=== Section Start ===

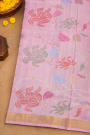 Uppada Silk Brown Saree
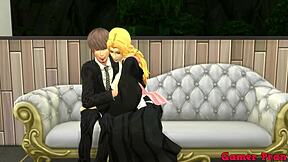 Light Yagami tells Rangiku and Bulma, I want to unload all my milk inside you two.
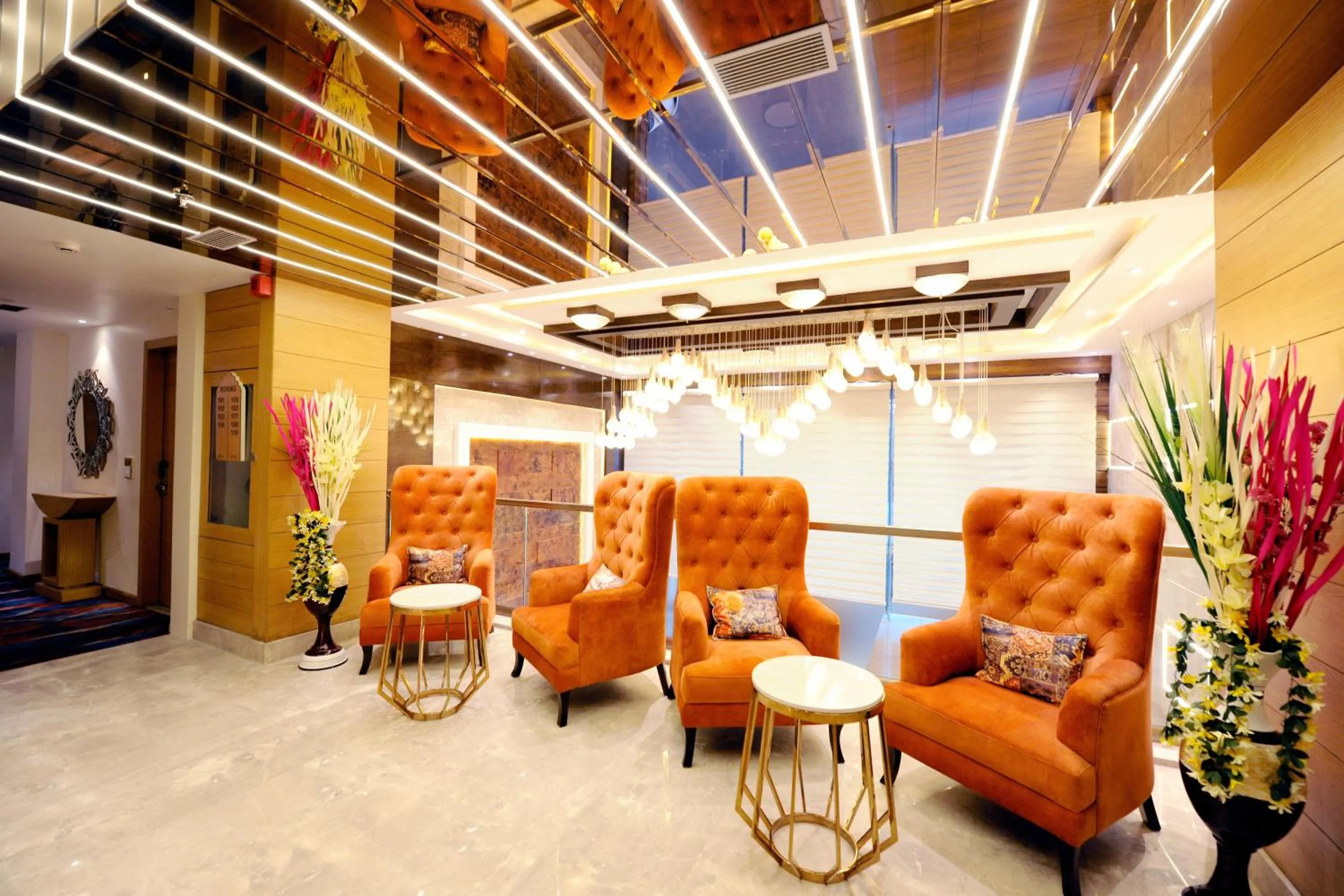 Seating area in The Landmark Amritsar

=== Section End ===
=== Section Start ===

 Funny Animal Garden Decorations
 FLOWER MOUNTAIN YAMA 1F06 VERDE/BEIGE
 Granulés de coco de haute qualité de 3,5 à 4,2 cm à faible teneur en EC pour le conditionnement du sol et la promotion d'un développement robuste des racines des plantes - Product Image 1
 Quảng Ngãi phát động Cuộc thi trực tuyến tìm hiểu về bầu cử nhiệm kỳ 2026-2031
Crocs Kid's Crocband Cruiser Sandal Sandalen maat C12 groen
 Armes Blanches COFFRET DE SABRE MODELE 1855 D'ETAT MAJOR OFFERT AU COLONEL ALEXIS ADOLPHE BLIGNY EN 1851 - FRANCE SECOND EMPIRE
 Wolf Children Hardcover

=== Section End ===

# Exercise details
Exactly the lines above from the one with "Crocs Kid's Crocband" to the one with "Wolf Children Hardcover", both included, are to be quoted; leave the rest out.

# Solution
Crocs Kid's Crocband Cruiser Sandal Sandalen maat C12 groen
 Armes Blanches COFFRET DE SABRE MODELE 1855 D'ETAT MAJOR OFFERT AU COLONEL ALEXIS ADOLPHE BLIGNY EN 1851 - FRANCE SECOND EMPIRE
 Wolf Children Hardcover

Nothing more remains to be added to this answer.